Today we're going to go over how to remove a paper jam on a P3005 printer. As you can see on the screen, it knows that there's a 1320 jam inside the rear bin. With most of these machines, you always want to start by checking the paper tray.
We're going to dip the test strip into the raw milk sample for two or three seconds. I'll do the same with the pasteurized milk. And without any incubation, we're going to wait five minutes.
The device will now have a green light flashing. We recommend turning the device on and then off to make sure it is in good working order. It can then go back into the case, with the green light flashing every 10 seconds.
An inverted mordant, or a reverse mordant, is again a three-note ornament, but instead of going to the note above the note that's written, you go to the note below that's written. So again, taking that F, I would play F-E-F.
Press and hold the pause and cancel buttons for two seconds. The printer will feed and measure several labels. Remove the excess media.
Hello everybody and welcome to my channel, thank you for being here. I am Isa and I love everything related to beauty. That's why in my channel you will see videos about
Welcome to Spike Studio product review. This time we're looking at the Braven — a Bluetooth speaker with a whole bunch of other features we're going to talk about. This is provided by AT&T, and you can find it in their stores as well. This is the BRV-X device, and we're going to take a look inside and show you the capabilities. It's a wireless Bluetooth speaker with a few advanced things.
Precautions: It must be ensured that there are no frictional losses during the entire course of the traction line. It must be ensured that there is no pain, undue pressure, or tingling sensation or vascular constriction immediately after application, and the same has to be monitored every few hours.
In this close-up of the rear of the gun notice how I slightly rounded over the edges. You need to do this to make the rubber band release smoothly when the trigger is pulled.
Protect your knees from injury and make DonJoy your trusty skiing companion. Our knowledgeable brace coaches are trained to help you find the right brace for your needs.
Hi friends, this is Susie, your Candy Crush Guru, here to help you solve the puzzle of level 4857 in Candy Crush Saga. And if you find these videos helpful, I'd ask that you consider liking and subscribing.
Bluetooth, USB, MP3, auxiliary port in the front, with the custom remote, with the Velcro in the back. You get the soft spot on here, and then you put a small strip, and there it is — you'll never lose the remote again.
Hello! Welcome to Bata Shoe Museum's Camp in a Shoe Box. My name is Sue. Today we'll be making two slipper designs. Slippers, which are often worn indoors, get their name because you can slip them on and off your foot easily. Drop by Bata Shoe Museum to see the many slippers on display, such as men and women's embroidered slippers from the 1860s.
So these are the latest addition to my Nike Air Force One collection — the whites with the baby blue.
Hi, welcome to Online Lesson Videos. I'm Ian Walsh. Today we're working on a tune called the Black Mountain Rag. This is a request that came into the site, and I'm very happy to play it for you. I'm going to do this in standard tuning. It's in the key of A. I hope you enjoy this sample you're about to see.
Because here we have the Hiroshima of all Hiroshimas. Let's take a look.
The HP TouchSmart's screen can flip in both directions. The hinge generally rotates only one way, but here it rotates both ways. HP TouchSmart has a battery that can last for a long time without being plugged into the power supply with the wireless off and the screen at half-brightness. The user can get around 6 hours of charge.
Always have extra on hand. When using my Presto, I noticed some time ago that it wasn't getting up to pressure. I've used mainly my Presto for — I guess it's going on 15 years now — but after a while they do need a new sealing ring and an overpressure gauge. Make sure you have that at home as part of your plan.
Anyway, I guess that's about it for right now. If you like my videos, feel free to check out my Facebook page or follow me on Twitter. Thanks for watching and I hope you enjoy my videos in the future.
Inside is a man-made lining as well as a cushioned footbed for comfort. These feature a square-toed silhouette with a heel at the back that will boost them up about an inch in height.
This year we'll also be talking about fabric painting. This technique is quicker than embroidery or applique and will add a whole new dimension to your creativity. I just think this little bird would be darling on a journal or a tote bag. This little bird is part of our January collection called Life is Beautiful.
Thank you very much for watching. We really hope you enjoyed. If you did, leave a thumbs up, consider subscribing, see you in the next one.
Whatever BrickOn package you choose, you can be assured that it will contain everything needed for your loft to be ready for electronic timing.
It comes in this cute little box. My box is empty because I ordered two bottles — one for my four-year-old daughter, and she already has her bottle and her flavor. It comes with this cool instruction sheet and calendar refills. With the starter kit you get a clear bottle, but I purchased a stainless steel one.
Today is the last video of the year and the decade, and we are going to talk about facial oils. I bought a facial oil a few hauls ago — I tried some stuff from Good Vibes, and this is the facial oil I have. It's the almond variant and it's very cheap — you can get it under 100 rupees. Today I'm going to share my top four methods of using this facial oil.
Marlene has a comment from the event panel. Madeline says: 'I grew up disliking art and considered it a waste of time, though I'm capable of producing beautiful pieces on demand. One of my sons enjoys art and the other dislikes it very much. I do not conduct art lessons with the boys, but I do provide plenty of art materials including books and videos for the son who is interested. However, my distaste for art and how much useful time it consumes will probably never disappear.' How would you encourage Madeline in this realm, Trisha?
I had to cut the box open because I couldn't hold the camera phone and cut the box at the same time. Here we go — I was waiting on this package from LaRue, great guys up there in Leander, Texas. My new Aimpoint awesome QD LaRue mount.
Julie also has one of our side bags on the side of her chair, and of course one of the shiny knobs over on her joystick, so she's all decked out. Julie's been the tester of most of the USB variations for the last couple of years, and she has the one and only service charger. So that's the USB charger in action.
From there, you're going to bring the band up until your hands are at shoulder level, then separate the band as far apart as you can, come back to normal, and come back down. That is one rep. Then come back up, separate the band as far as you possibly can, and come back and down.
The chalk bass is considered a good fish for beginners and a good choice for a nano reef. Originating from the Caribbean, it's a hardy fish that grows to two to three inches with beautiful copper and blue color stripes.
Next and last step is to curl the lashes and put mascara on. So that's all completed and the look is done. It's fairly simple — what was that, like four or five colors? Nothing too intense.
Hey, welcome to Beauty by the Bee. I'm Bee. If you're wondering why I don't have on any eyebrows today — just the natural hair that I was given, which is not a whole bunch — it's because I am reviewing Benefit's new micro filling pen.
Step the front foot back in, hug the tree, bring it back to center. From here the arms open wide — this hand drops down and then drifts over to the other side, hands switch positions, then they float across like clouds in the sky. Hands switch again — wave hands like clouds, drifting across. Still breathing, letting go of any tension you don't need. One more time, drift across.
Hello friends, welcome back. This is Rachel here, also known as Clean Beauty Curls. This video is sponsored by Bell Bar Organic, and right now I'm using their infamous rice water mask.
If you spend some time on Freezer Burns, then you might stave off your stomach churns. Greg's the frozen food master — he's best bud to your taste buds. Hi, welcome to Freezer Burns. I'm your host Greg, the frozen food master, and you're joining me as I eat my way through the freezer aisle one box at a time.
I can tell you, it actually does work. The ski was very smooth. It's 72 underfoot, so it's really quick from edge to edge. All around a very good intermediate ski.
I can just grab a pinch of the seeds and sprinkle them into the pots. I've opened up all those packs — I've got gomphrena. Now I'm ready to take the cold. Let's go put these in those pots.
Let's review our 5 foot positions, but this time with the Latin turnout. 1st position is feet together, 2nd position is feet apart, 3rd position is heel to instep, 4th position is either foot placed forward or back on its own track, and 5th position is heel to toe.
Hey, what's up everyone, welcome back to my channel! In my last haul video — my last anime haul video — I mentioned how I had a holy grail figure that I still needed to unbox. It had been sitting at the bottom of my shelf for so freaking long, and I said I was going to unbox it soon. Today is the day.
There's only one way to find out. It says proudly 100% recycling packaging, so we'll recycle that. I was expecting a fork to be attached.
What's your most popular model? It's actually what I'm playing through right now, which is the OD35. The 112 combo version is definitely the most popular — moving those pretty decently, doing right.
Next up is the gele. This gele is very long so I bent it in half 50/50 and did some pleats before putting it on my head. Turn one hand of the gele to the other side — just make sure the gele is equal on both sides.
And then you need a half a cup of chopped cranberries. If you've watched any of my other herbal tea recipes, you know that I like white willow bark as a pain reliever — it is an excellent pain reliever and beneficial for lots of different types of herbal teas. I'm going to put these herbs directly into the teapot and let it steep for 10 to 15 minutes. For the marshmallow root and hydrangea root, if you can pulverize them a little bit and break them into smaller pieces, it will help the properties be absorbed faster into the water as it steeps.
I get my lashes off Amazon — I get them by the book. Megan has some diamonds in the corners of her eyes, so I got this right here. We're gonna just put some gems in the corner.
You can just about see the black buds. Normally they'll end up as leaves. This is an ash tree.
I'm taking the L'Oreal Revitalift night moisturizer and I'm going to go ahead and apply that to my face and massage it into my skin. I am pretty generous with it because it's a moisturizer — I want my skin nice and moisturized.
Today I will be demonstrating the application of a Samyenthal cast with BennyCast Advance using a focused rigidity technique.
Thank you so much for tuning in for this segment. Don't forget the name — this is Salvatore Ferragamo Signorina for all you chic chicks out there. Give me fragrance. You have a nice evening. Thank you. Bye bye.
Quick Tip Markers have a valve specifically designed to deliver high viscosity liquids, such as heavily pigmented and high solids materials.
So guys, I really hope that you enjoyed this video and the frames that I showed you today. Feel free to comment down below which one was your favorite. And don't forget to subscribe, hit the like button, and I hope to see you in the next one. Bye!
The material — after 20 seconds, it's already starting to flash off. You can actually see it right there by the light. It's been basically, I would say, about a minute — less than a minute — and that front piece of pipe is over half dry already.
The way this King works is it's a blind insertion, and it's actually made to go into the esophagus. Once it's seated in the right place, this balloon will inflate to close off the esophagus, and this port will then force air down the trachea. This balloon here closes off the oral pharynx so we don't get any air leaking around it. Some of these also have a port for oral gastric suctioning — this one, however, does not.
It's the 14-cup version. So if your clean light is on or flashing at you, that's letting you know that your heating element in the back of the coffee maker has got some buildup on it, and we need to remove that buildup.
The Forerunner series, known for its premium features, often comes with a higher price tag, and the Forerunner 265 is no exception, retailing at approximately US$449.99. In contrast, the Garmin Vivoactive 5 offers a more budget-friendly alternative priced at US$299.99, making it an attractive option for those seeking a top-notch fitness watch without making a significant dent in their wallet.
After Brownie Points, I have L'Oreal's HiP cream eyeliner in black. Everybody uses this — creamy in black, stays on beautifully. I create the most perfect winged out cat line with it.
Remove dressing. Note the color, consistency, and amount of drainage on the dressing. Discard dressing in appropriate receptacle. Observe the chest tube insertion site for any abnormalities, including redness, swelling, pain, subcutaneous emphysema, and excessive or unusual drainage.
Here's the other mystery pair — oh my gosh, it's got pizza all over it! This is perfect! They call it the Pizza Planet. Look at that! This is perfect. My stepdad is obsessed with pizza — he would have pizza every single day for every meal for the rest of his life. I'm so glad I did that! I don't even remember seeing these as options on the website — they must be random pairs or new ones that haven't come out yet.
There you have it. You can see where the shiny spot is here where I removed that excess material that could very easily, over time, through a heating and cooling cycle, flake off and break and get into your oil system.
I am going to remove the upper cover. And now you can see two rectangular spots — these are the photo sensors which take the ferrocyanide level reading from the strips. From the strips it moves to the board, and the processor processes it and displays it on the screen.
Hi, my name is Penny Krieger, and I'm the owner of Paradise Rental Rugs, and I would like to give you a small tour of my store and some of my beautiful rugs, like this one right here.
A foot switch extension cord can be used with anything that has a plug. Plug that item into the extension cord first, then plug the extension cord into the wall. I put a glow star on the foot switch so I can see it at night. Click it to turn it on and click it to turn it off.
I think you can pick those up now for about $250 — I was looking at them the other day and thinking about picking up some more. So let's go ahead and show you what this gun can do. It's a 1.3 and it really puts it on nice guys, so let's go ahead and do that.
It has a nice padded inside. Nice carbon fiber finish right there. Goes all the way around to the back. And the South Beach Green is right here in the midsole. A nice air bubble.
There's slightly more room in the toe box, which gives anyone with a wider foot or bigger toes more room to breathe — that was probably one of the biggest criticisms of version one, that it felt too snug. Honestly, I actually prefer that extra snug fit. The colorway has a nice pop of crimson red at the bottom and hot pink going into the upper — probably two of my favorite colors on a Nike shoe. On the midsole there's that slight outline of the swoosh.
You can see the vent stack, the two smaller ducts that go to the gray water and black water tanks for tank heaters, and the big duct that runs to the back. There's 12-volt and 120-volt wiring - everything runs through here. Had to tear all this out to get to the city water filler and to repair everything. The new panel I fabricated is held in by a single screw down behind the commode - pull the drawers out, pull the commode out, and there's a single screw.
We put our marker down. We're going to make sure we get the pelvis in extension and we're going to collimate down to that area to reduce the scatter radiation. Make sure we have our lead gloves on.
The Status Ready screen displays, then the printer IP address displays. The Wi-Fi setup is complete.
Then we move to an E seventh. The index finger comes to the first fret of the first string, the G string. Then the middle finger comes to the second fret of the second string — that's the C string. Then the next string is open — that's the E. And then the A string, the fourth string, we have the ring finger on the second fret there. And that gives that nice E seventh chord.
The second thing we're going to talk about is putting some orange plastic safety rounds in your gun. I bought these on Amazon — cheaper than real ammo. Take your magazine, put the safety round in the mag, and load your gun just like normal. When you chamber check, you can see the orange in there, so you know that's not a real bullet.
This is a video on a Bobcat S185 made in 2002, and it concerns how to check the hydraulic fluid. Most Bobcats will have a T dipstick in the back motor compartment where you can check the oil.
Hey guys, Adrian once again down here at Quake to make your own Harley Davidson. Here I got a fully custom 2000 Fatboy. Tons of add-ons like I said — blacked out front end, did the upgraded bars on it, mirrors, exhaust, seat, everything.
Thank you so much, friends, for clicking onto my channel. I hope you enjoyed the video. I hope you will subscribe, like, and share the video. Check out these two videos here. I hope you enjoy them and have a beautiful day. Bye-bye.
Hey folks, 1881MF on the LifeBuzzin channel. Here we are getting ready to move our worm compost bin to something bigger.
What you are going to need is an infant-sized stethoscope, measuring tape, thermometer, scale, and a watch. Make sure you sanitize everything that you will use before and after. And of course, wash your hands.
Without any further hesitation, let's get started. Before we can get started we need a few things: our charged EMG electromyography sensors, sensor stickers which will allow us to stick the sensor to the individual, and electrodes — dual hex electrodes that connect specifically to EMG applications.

→ What this task involves: Extract from the material all lines containing the string "watching".

→ Response to this task:
Anyway, I guess that's about it for right now. If you like my videos, feel free to check out my Facebook page or follow me on Twitter. Thanks for watching and I hope you enjoy my videos in the future.
Thank you very much for watching. We really hope you enjoyed. If you did, leave a thumbs up, consider subscribing, see you in the next one.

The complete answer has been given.